**THE INPUT**

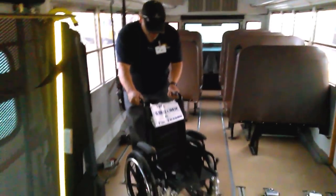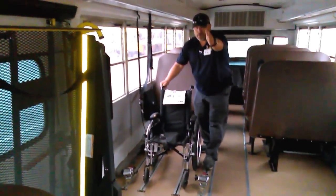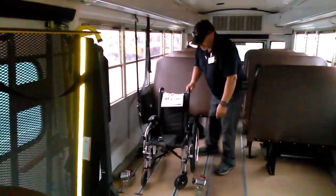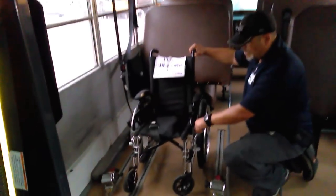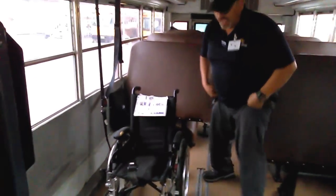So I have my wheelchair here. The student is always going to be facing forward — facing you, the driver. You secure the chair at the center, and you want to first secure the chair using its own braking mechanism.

* * *

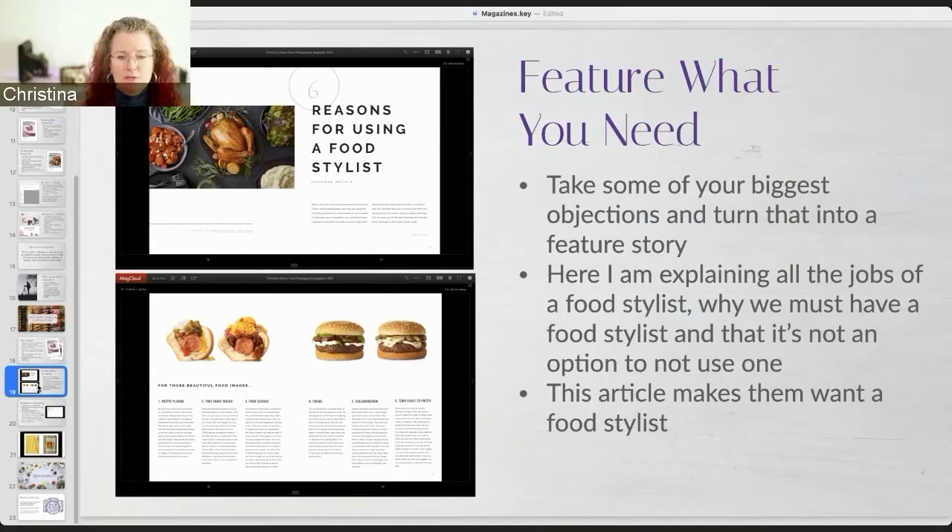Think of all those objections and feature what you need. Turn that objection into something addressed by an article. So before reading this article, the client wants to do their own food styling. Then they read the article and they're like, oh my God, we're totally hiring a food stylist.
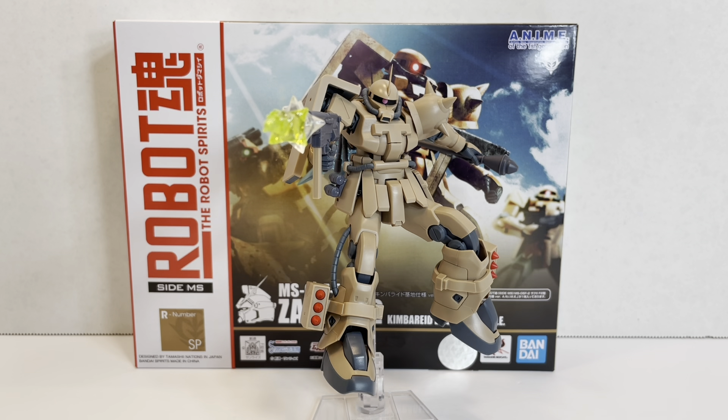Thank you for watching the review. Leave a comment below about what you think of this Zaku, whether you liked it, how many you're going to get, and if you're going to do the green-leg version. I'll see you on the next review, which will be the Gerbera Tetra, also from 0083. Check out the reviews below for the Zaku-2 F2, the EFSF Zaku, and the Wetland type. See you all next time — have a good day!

**WORK TO COMPLETE**
Write out word for word the lines of the listing above from the line with "Think of all" to the line with "Thank you for", taking in both of those lines but no pictures.

**OUTPUT BELOW**
Think of all those objections and feature what you need. Turn that objection into something addressed by an article. So before reading this article, the client wants to do their own food styling. Then they read the article and they're like, oh my God, we're totally hiring a food stylist.
Thank you for watching the review. Leave a comment below about what you think of this Zaku, whether you liked it, how many you're going to get, and if you're going to do the green-leg version. I'll see you on the next review, which will be the Gerbera Tetra, also from 0083. Check out the reviews below for the Zaku-2 F2, the EFSF Zaku, and the Wetland type. See you all next time — have a good day!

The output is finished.